Loyola University Maryland

Some Loyola graduates go directly into the job market. As you do, keep in mind that a first job is not the same as a "career." For some, such as secondary education minors, you will step right into your chosen profession. Others will take a series of positions early on--some terrific, some less so--all giving you a toehold on the job market. Your goal is to gain experience in the workplace, perhaps in multiple fields, and use that as a stepping stone toward your goal. And the process itself might be an opportunity to figure out where you want to end up as you discover opportunities, niches, talents, and passions. At this stage as you near graduation, your task is to create a resume that showcases your skills in clear writing, clear thinking, and analytical smarts for a marketplace hungry for such training.

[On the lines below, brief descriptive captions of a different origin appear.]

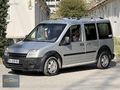 2007 FORD CONNECT 100 BİN PEŞİN 36 AY VADE İLE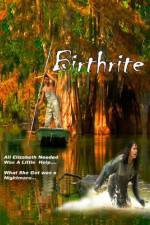 Watch Birthrite Zmovies
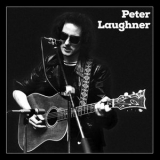 Peter Laughner - Peter Laughner '2019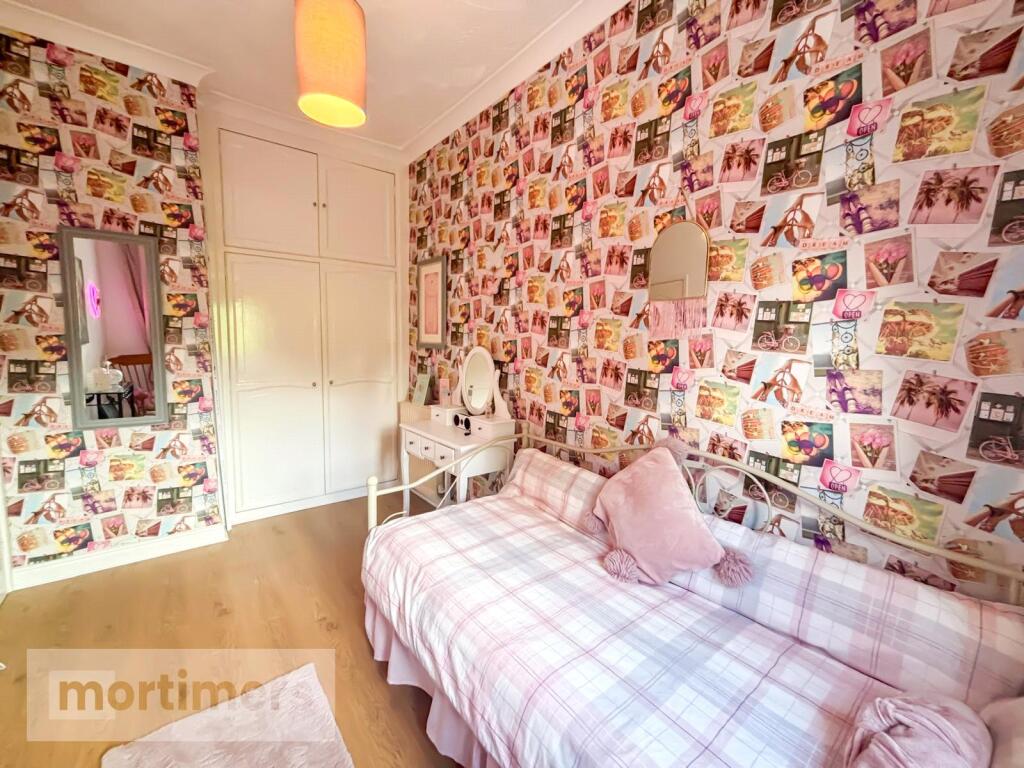 Additional image 13 of Dukes Brow, Blackburn, Lancashire, BB2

  • Career Center: A hub for job listings and related resources. College Center W002, x2232, https://inside.loyola.edu/thecareercenter
  • Writing Center: Assistance with job market documents such as cover letters and resumes. Jenkins 011, x5415.
  • Alumni mentors: The Career Center maintains a list of graduates who have agreed to serve as mentors. You might also find such mentors through other informal networks.
  • Career Seminar for Humanities Majors: Watch for announcements about the annual workshop put on by the Career Center in the spring. This covers nuts-and-bolts issues of the job search, including how to create job market materials (resume, etc.).
  • Spring alumni panel: Watch for announcement about a panel discussion with Loyola English alumni about their experiences navigating the job market after Loyola.